I am trying to find the eigen value of matrix $e^A$ such that the matrix A is given as
$$ \begin{bmatrix} a & 0 & 0\\ 0 & 0 & a\\ 0 & a & 0 \end{bmatrix} $$
I found $A^2 = \begin{bmatrix} a^2 & 0 & 0 \\ 0 & a^2 & 0 \\ 0 & 0 & a^2 \end{bmatrix}$, $A^3 = \begin{bmatrix} a^3 & 0 & 0 \\ 0 & 0 & a^3 \\ 0 & a^3 & 0 \end{bmatrix}$ and so forth...

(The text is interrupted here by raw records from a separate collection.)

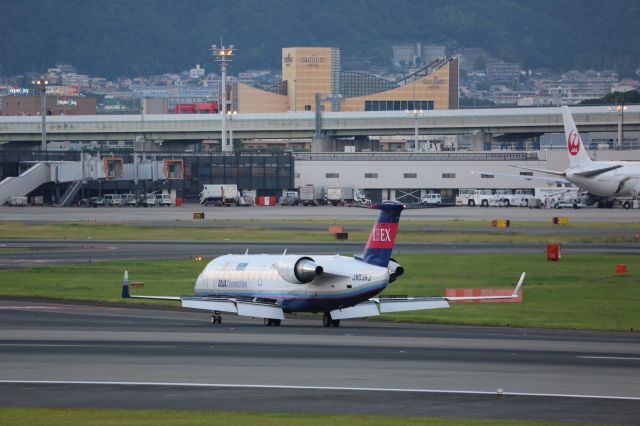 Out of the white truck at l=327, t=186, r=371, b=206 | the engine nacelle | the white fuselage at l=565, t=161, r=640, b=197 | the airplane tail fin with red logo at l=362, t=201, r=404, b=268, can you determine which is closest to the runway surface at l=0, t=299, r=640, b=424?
the engine nacelle

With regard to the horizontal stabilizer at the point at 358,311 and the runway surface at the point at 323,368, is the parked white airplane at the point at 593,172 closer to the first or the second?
the horizontal stabilizer at the point at 358,311

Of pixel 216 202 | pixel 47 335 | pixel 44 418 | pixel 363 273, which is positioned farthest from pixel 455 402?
pixel 216 202

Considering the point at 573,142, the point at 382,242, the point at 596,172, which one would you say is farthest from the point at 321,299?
the point at 596,172

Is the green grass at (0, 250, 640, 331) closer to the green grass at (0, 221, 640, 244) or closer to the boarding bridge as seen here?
the green grass at (0, 221, 640, 244)

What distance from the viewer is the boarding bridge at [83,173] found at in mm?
164375

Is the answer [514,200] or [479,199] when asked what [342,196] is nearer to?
[479,199]

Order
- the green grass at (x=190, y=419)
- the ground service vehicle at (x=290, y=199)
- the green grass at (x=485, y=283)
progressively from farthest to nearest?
1. the ground service vehicle at (x=290, y=199)
2. the green grass at (x=485, y=283)
3. the green grass at (x=190, y=419)

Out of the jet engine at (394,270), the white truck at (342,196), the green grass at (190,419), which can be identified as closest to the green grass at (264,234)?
the jet engine at (394,270)

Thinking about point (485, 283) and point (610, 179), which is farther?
point (610, 179)

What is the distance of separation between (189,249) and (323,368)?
5603cm

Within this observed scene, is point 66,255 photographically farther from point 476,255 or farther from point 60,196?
point 60,196

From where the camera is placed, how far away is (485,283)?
231 feet

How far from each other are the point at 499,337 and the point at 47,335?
715 inches

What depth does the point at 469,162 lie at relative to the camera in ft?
603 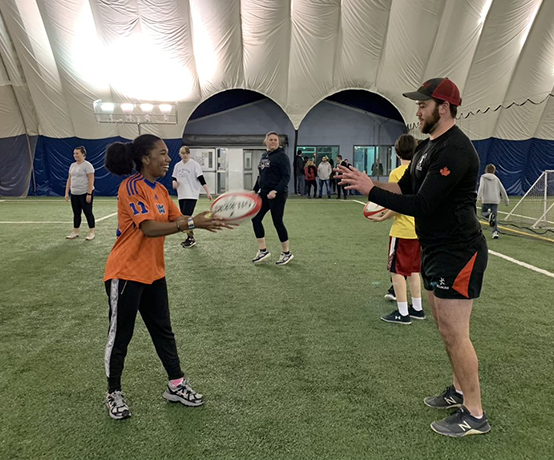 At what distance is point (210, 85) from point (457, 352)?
817 inches

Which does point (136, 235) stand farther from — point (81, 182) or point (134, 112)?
point (134, 112)

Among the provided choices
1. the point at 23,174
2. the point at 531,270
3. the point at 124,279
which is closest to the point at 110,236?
the point at 124,279

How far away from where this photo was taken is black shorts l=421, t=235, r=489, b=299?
273 cm

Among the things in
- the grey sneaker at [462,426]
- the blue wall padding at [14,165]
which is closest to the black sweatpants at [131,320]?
the grey sneaker at [462,426]

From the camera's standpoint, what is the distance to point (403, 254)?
15.8ft

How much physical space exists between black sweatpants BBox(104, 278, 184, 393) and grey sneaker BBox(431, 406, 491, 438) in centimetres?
186

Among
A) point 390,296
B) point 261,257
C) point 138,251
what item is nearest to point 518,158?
point 261,257

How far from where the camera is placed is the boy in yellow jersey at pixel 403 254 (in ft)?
15.5

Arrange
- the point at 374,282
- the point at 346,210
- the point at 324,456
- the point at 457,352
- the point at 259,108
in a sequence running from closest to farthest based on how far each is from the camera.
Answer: the point at 324,456 → the point at 457,352 → the point at 374,282 → the point at 346,210 → the point at 259,108

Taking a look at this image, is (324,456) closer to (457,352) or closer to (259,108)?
(457,352)

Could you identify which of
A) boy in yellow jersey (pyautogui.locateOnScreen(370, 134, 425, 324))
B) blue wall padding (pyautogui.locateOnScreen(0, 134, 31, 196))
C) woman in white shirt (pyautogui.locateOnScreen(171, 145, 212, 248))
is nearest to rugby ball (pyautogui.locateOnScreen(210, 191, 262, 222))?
boy in yellow jersey (pyautogui.locateOnScreen(370, 134, 425, 324))

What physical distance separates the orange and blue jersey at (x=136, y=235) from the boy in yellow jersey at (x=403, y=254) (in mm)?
2677

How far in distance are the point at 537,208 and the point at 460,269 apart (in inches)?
516

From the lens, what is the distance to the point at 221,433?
9.38 ft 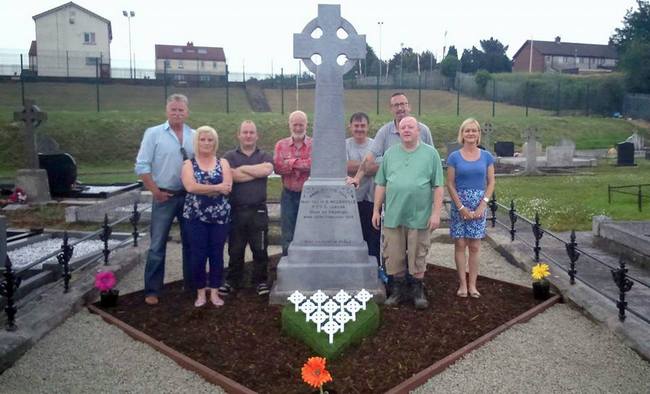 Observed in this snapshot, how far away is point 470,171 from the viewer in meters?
5.96

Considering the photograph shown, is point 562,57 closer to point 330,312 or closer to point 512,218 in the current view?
point 512,218

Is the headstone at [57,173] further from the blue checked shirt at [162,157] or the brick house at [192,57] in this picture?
the brick house at [192,57]

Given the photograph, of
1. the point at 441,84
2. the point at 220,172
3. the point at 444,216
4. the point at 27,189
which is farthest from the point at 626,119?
the point at 220,172

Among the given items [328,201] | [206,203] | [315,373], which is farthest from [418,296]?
[315,373]

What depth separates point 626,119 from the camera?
44.5 m

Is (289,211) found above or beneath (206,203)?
beneath

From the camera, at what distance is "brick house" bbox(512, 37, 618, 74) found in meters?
85.1

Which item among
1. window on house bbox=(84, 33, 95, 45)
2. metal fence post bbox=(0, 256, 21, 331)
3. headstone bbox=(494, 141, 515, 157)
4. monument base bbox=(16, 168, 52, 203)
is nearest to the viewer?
metal fence post bbox=(0, 256, 21, 331)

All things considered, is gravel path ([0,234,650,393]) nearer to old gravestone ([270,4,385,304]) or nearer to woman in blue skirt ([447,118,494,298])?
woman in blue skirt ([447,118,494,298])

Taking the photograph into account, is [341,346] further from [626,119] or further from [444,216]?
[626,119]

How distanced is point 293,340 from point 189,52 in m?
77.5

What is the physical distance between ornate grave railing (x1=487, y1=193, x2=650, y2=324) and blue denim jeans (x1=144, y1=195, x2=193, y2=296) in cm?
406

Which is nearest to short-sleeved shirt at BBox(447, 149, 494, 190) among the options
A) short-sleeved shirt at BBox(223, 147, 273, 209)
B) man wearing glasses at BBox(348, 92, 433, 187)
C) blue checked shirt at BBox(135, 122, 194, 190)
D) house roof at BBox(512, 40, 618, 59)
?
man wearing glasses at BBox(348, 92, 433, 187)

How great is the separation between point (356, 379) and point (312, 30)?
11.6 feet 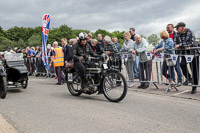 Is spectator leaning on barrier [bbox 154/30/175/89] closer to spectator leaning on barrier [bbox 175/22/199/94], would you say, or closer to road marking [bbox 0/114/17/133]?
spectator leaning on barrier [bbox 175/22/199/94]

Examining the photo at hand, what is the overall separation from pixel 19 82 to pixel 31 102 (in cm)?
239

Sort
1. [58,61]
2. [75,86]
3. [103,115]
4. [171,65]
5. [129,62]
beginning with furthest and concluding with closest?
[58,61], [129,62], [171,65], [75,86], [103,115]

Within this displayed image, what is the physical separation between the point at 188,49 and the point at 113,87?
2.70 metres

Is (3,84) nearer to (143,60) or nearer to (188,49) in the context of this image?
(143,60)

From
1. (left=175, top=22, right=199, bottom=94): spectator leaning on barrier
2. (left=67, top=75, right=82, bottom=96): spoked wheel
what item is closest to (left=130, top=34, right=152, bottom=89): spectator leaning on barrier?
(left=175, top=22, right=199, bottom=94): spectator leaning on barrier

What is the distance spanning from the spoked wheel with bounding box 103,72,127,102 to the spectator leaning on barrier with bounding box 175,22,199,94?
2.34m

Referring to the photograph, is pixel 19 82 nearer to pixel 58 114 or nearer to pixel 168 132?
pixel 58 114

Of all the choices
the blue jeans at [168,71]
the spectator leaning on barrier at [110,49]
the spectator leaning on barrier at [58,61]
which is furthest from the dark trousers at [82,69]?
the spectator leaning on barrier at [58,61]

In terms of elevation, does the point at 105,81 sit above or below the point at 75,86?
above

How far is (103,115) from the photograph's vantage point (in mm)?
4992

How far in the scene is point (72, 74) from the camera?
7.46 m

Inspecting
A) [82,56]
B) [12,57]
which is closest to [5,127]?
[82,56]

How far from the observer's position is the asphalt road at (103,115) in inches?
163

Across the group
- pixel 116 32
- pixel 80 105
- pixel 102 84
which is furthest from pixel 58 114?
pixel 116 32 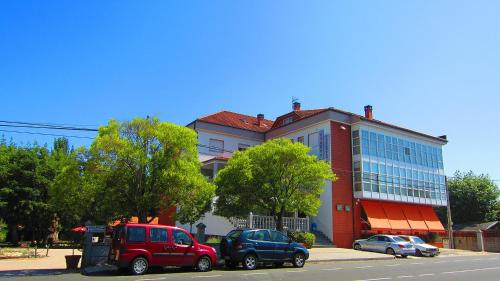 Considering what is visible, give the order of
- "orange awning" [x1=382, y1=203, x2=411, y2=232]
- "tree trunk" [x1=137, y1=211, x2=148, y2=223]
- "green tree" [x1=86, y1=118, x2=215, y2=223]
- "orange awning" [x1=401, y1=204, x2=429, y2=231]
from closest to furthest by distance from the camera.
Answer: "green tree" [x1=86, y1=118, x2=215, y2=223], "tree trunk" [x1=137, y1=211, x2=148, y2=223], "orange awning" [x1=382, y1=203, x2=411, y2=232], "orange awning" [x1=401, y1=204, x2=429, y2=231]

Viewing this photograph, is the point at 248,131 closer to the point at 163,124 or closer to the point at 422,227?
the point at 422,227

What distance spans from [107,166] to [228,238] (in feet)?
19.7

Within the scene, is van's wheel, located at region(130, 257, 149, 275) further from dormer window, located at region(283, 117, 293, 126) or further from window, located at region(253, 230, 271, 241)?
dormer window, located at region(283, 117, 293, 126)

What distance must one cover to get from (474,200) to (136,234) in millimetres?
46696

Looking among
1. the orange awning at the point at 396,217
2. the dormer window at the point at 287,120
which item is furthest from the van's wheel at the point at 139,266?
the dormer window at the point at 287,120

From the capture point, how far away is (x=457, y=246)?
40.0 m

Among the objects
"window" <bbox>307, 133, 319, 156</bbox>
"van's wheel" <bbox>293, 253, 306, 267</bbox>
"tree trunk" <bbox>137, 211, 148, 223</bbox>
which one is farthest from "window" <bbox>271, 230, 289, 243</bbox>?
"window" <bbox>307, 133, 319, 156</bbox>

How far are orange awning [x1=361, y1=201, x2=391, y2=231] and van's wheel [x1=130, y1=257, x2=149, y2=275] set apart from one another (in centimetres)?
2258

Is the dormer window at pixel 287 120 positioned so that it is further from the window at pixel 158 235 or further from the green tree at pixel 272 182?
the window at pixel 158 235

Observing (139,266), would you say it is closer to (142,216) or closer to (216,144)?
(142,216)

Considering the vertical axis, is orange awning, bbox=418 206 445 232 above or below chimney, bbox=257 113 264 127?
below

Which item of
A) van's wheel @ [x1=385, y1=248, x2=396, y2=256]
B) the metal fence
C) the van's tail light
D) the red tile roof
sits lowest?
van's wheel @ [x1=385, y1=248, x2=396, y2=256]

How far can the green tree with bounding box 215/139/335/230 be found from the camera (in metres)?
23.8

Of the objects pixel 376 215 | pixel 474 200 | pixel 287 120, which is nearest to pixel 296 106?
pixel 287 120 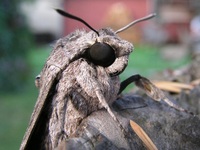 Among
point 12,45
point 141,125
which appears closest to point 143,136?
point 141,125

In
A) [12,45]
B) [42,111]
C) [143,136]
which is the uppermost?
[12,45]

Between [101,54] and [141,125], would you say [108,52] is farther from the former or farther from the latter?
[141,125]

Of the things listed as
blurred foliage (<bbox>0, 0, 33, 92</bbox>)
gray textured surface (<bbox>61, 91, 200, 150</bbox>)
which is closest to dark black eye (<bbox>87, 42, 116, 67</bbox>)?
gray textured surface (<bbox>61, 91, 200, 150</bbox>)

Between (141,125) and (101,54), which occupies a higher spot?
(101,54)

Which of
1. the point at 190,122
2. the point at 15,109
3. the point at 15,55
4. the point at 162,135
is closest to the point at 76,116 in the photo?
the point at 162,135

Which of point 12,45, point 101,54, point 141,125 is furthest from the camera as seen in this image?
point 12,45

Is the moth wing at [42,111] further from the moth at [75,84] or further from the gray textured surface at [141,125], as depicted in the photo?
the gray textured surface at [141,125]

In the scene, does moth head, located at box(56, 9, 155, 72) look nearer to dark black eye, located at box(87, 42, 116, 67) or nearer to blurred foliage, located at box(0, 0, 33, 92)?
dark black eye, located at box(87, 42, 116, 67) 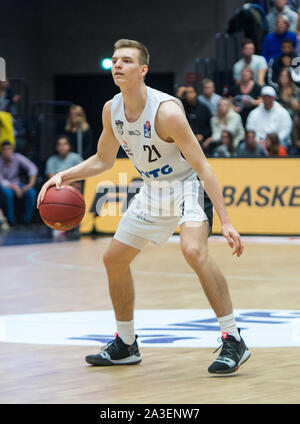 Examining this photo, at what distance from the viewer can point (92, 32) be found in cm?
2327

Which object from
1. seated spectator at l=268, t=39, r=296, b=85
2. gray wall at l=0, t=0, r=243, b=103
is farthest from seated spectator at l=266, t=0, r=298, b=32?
gray wall at l=0, t=0, r=243, b=103

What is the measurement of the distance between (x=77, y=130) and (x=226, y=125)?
9.40ft

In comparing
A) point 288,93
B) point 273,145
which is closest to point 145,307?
point 273,145

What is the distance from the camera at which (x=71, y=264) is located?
1159 cm

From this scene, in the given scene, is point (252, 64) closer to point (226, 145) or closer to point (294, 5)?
point (294, 5)

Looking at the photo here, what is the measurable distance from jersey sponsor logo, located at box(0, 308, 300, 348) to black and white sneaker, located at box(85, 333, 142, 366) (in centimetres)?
53

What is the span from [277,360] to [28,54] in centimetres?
1863

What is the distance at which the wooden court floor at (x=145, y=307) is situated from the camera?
4879 mm

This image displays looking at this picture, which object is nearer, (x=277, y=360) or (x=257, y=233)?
(x=277, y=360)

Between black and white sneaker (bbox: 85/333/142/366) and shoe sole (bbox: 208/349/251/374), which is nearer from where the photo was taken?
shoe sole (bbox: 208/349/251/374)

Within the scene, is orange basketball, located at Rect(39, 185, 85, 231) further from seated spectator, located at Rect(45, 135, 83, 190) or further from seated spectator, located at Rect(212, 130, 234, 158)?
seated spectator, located at Rect(45, 135, 83, 190)

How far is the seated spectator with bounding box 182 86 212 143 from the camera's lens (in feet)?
53.3

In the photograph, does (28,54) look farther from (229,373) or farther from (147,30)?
(229,373) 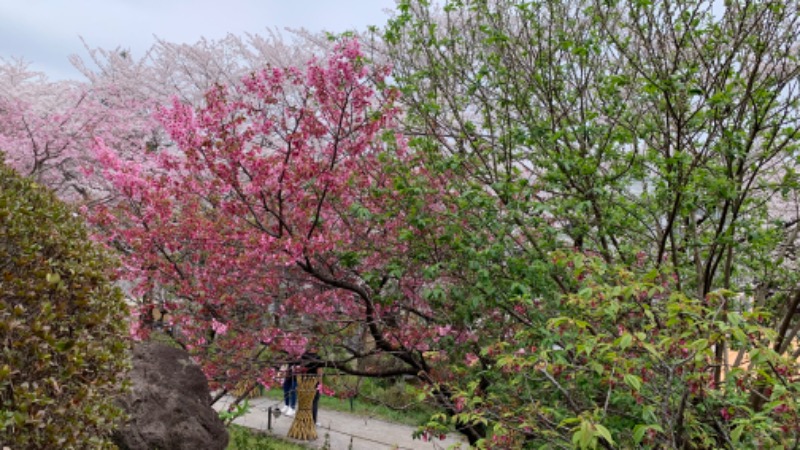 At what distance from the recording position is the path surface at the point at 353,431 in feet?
32.0

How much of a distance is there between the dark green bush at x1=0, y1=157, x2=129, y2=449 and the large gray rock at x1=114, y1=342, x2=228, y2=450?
2206 millimetres

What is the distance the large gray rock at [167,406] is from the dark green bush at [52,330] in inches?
86.9

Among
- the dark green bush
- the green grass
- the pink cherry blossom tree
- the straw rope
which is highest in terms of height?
the pink cherry blossom tree

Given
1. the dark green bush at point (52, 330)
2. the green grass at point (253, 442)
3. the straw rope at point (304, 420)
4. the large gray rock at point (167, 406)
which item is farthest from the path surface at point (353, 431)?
the dark green bush at point (52, 330)

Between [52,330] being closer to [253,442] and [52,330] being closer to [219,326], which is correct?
[219,326]

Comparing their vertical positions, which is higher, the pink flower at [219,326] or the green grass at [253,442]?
the pink flower at [219,326]

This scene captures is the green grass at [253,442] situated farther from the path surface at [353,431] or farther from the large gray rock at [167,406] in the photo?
the large gray rock at [167,406]

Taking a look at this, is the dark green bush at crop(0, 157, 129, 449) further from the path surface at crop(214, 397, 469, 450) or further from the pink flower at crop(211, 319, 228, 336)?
the path surface at crop(214, 397, 469, 450)

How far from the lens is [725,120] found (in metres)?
4.85

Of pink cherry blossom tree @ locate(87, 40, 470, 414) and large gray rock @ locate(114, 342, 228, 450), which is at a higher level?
pink cherry blossom tree @ locate(87, 40, 470, 414)

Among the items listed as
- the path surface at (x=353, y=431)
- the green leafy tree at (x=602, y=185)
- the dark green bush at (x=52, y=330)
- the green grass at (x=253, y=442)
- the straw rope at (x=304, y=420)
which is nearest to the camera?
the dark green bush at (x=52, y=330)

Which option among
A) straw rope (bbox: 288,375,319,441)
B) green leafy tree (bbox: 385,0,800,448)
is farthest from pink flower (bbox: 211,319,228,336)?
straw rope (bbox: 288,375,319,441)

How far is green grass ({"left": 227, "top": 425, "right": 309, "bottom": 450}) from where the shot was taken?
7.27m

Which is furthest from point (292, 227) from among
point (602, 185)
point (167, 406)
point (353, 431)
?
point (353, 431)
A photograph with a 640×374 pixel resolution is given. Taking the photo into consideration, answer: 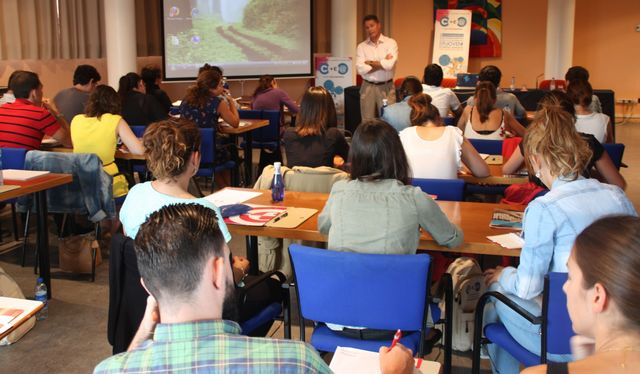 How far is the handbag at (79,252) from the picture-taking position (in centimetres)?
494

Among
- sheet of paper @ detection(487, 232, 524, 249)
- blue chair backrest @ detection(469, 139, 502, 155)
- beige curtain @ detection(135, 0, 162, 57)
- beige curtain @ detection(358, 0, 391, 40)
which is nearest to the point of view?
sheet of paper @ detection(487, 232, 524, 249)

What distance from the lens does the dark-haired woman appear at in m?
2.84

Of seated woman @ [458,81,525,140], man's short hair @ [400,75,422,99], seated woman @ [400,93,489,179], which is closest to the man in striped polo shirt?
seated woman @ [400,93,489,179]

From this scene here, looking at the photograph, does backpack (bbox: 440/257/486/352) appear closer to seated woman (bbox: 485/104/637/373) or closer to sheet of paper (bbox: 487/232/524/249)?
sheet of paper (bbox: 487/232/524/249)

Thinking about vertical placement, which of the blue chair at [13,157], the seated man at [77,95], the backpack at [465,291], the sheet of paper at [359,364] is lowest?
the backpack at [465,291]

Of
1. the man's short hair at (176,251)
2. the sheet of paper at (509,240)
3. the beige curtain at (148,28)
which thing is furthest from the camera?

So that I can find, $e^A$ by substituting above matrices in its power series expansion \begin{equation} e^A = 1 + A + \frac{1}{2!} A^2+\dots \end{equation}
which gives
\begin{equation} e^A = \begin{bmatrix} 1+a+\frac{1}{2}a^2+\frac{1}{6}a^3+\dots & 0 & 0 \\ 0 & 1+\frac{1}{2}a^2+\frac{1}{24}a^4+\dots & a+\frac{1}{6}a^3+\frac{1}{120}a^5\dots \\ 0 & a+\frac{1}{6}a^3+\frac{1}{120}a^5\dots & 1+\frac{1}{2}a^2+\frac{1}{24}a^4+\dots \end{bmatrix} \end{equation}
which can be written as
\begin{equation} e^A = \begin{bmatrix} e^a & 0 & 0 \\ 0 & \frac{e^a}{2}+\frac{e^{-a}}{2} & \frac{e^a}{2}-\frac{e^{-a}}{2} \\ 0 & \frac{e^a}{2}-\frac{e^{-a}}{2} & \frac{e^a}{2}+\frac{e^{-a}}{2} \end{bmatrix} \end{equation}
I am able to solve this, but I am wondering if there is a quicker way or a trick that I can use to find $e^A$ quickly that this method?